BEGIN

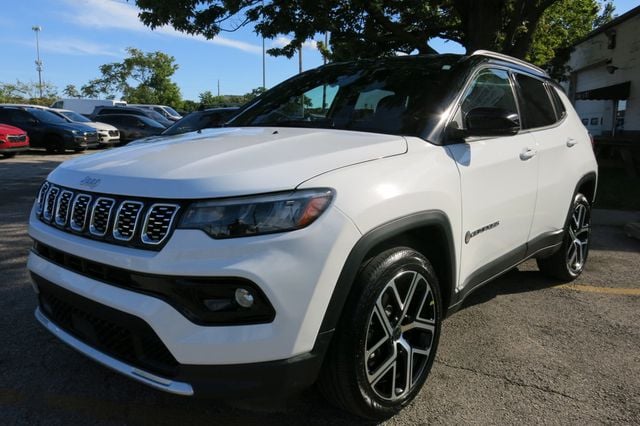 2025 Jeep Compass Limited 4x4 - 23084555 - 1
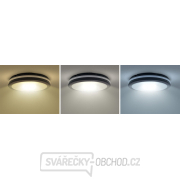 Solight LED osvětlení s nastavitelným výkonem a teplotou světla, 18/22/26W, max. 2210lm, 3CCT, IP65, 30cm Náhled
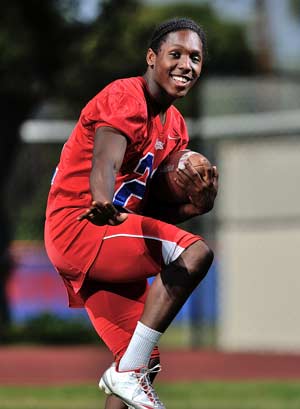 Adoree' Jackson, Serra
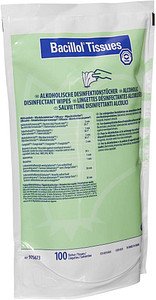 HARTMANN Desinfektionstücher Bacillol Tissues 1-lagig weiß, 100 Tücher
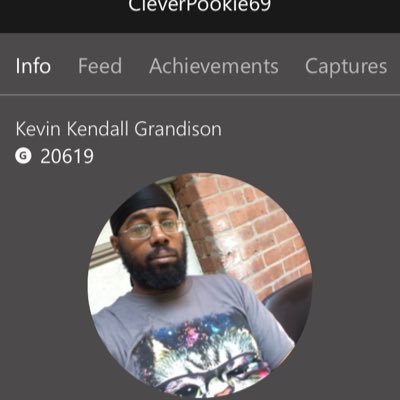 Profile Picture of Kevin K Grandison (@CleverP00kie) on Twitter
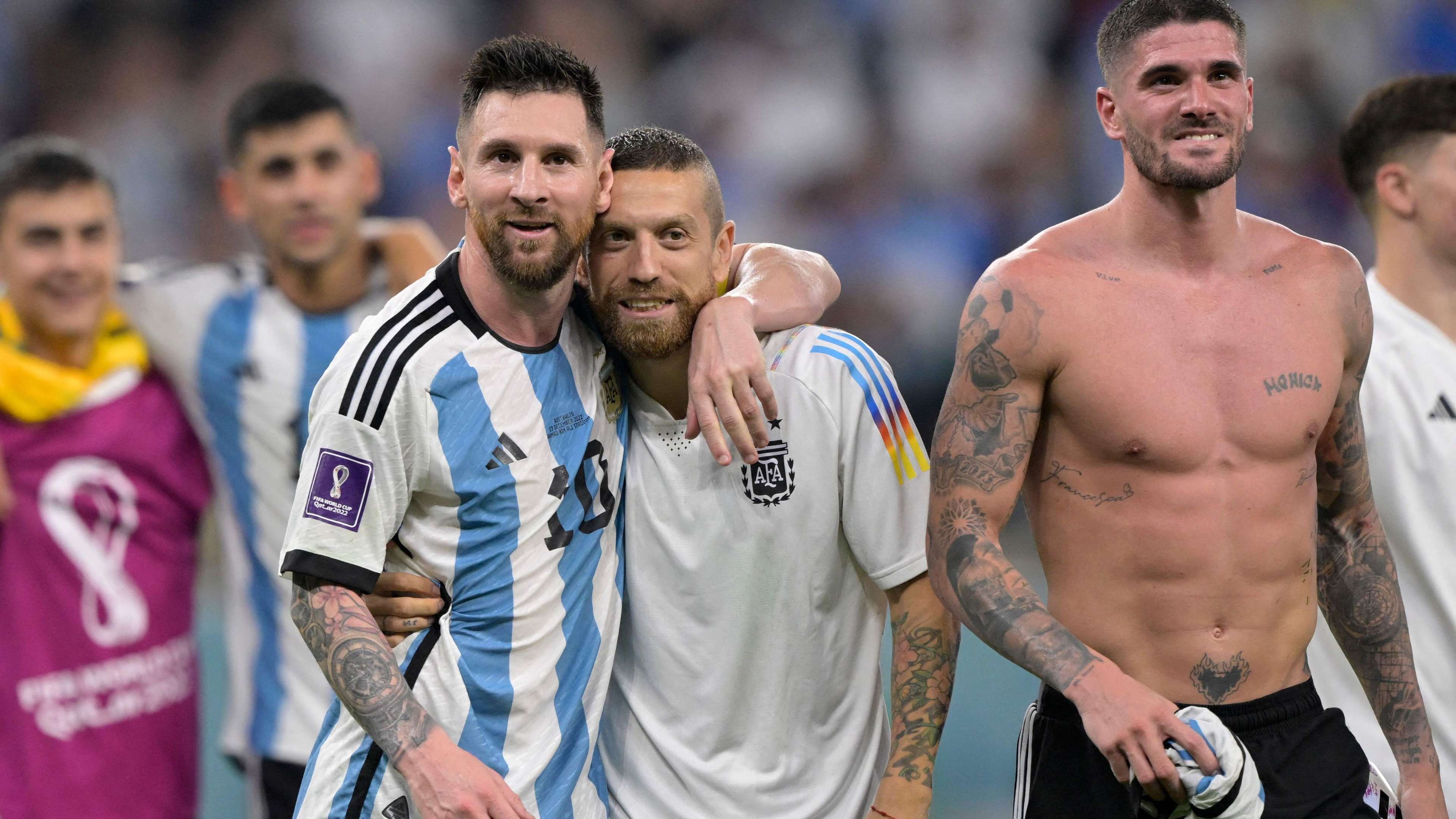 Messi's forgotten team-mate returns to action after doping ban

END
BEGIN

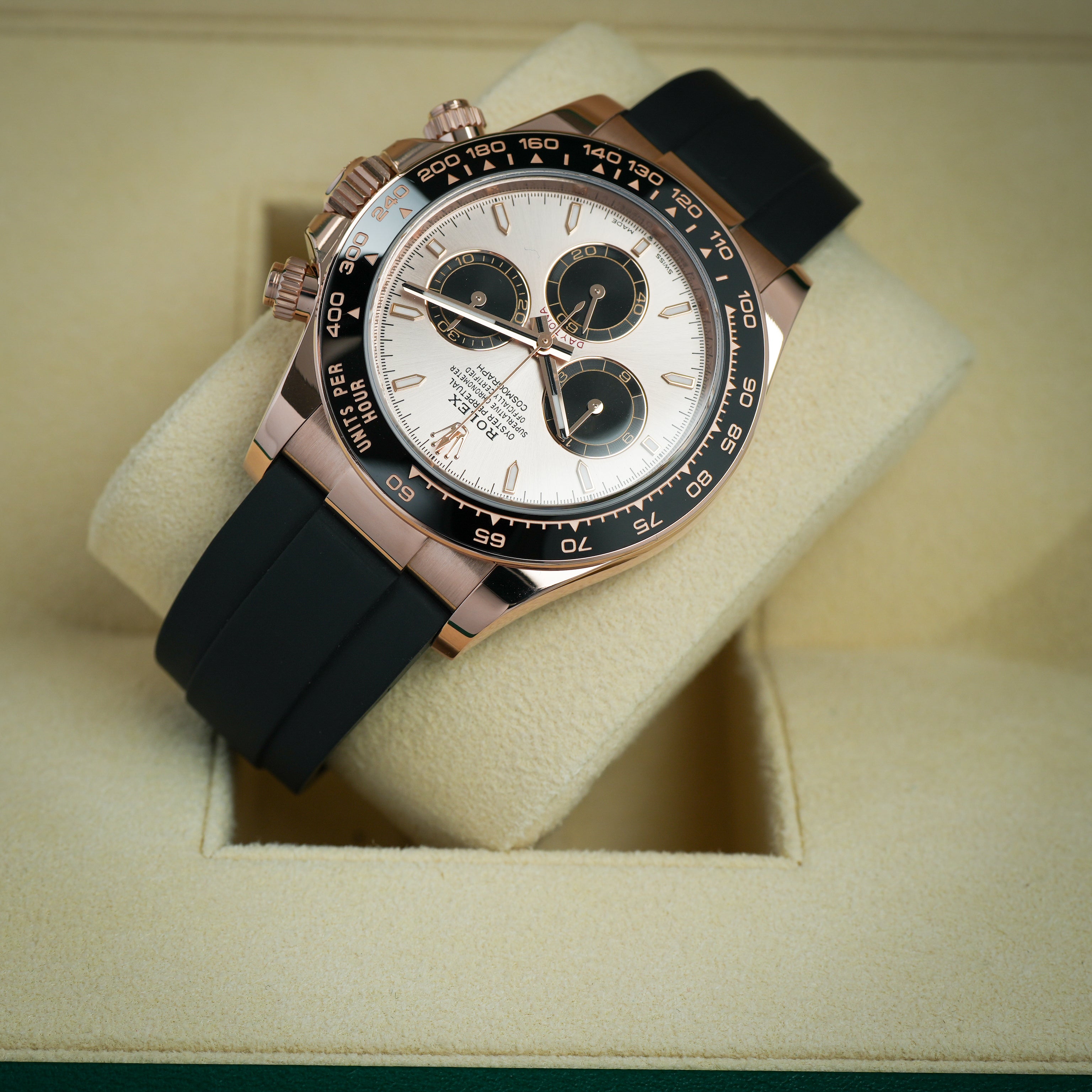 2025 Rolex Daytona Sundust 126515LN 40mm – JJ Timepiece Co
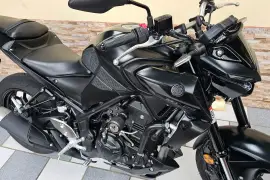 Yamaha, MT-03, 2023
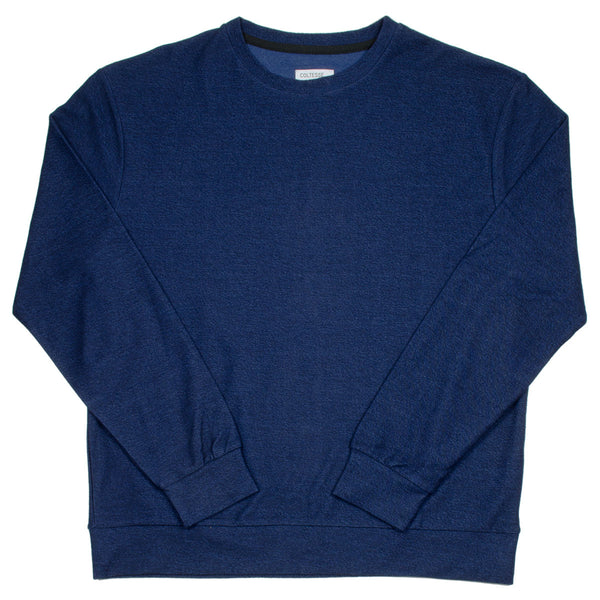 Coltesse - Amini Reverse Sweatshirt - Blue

END

* [Aim of the task]:
From the data above, return exactly the lines from the one with "2025 Jeep Compass Limited 4x4 - 23084555 - 1" up to and including the one with "HARTMANN Desinfektionstücher Bacillol". Pictures do not go in the copy.

* [The completed task]:
 2025 Jeep Compass Limited 4x4 - 23084555 - 1
 Solight LED osvětlení s nastavitelným výkonem a teplotou světla, 18/22/26W, max. 2210lm, 3CCT, IP65, 30cm Náhled
 Adoree' Jackson, Serra
 HARTMANN Desinfektionstücher Bacillol Tissues 1-lagig weiß, 100 Tücher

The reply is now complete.